Is it new gas additives/composition? Changes in the produst that even the engineer at Permatex didn't know about? My memory has a huge hole in it?

Is there a similar, alternative non-hardening, spray-on gasket sealer that's impervious to gasoline (and diesel, for that matter)?

ObMetalworking: The Wisconsin was intended to drive a 300# air hammer but turned out not to be big enough. A 3-cyl Deutz diesel *is* big enough.

Reply to
Mike Spencer

Yup. Used the spray hi-tack in place of the earlier permatex aviation gasket sealer - which was even nastier to remove.

Ethanol is an effective solvent for both the old permatex and HiTack - and it is quite possible the hi-tack formula has also changed,

The VG4 doesn't make as much power as its size might make you expect!!

Reply to
clare

I would also suspect the gasoline additives. It really wouldn't take much ethanol to soften the compound enough for the petroleum distillates to be able to attack it. Also, the compound may have been reformulated to eliminale chlorinated compounds from the carrier solvent to keep the EPA happy.

I don't bother with spray-on if I can find a suitable thinners to dilute gasket compound from a tube to a brushable consistancy. If Ethanol in the gas is the issue, avoid any compound that recommends any alcohol for cleanup.

Hylomar Blue is reasonably gasolene resistant, though you should use it really sparingly as globs of it squeezed out of the joint are likely to go gooey if continuously immersed and may detach and cause trouble elsewhere. It can be thinned with Acetone and brushed on easily and evenly. When doing engine work, I keep a minature jam jar of it ready diluted, as its best to let it stand a while for an even consistancy.

-- Ian Malcolm. London, ENGLAND. (NEWSGROUP REPLY PREFERRED) ianm[at]the[dash]malcolms[dot]freeserve[dot]co[dot]uk [at]=@, [dash]=- & [dot]=. *Warning* HTML & >32K emails --> NUL

Reply to
Ian Malcolm

I remember the old amber/red (mercurochrome-looking) stuff which hardened andwas a royal bitch to remove. Lord, I hated that stuff.

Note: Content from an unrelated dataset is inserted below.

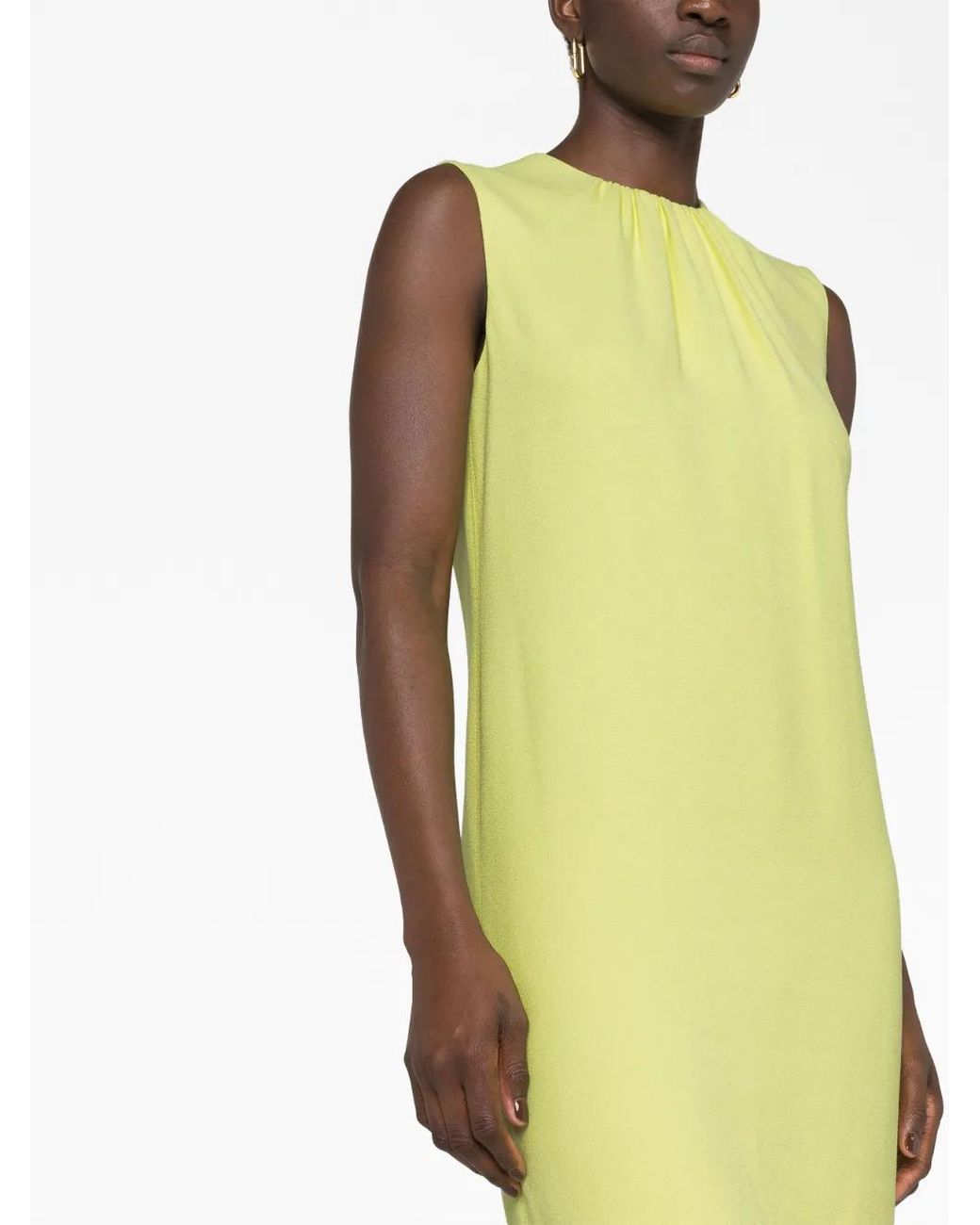 Lanvin Yellow Round-Neck Sleeveless Minidress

Was HiTack the stuff which looked like liquid bluing that had gelled? If so, I remember it. I think it was the very first silicone gasket sealer on the market. Back then, gasket material in half a dozen different textures and thicknesses were available at every auto parts store in town. I always opted for gluing the gasket to the removable part if it was subject to shifting, but never to the engine block, heads, or timing cover if at all possible. Then I'd grease the other side so it left a clean surface and came right off. I remember the glued-on mess left of an aluminum timing cover was stuck to the block with hardening adhesive/sealer. Grr...

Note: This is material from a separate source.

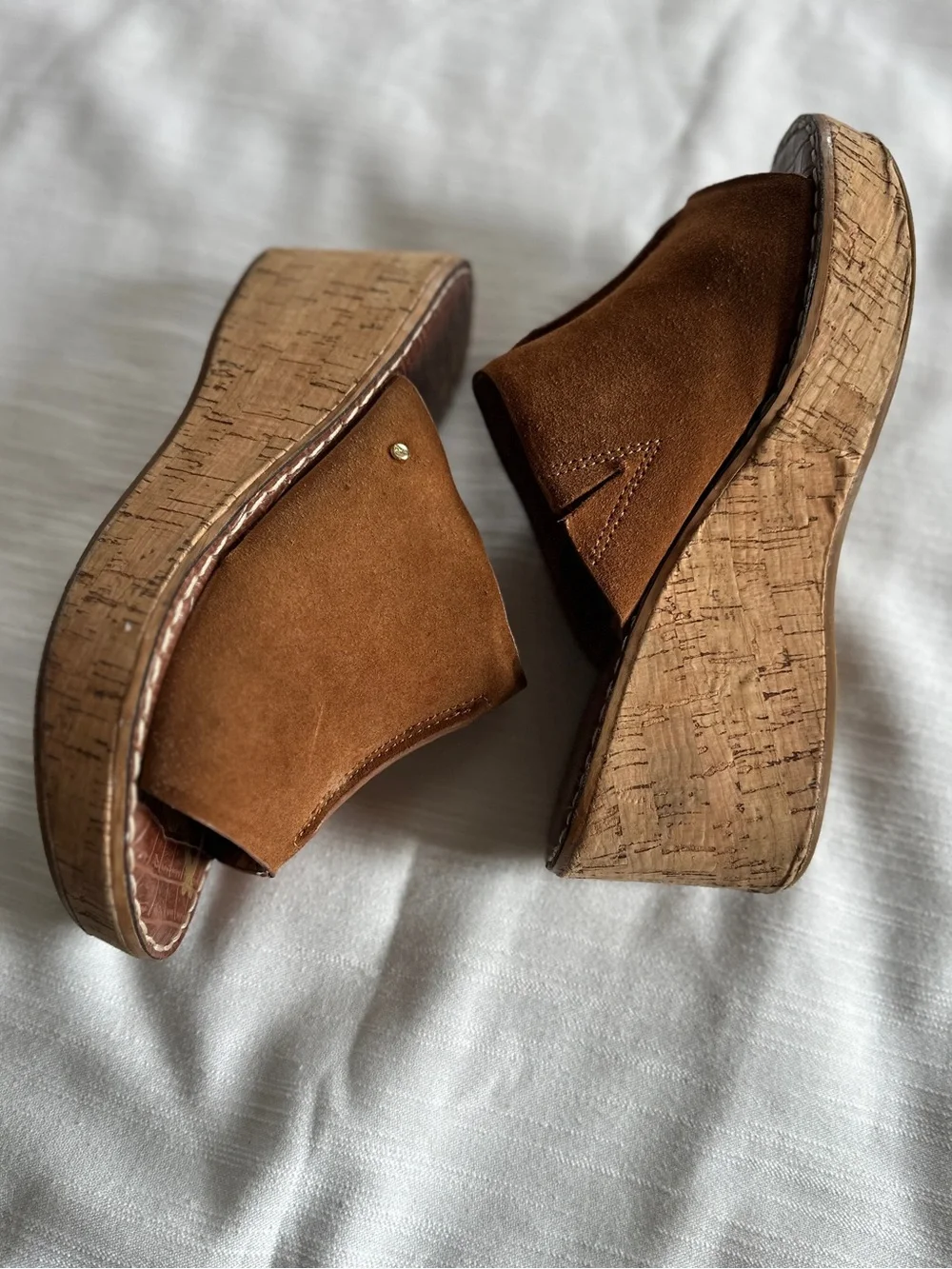 Sam Edelman Ranger Saddle Brown Suede Cork Platform Wedge Sandals | 8.5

Yes, most likely. It's probably being dissolved by the alcohol in the fuel, and maybe even some of the new, highly-toxic additives. None of that was around way-back-when. (And it shouldn't be around today, damnit. I lost over fifteen percent of my gas mileage to the bloody oxygenated fuel we use today. I'm just glad it's E15, not E85. I can't imagine how gutless engines would be on that.)

Pictures, man! Pictures!

Reply to
Larry Jaques

No, hitack was a bright red product - more like a paint.. Not sure if it is still available as a spray, but the msds for the brush-on indicated it is Acetone, Methyl Ester of Rosin, N-Hexane, Rosin, and Acrylonitrile Butadiene polymer

Reply to
clare

The Wisconsin 4 (I forget the model#) is about 24 HP, enough to run the hammer at idle but not under load. The Deutz is ca. 40 HP. The hammer was originally run from a 15HP 400V 3PH motor. I salvaged the motor's shaft to use as a jackshaft between diesel and hammer.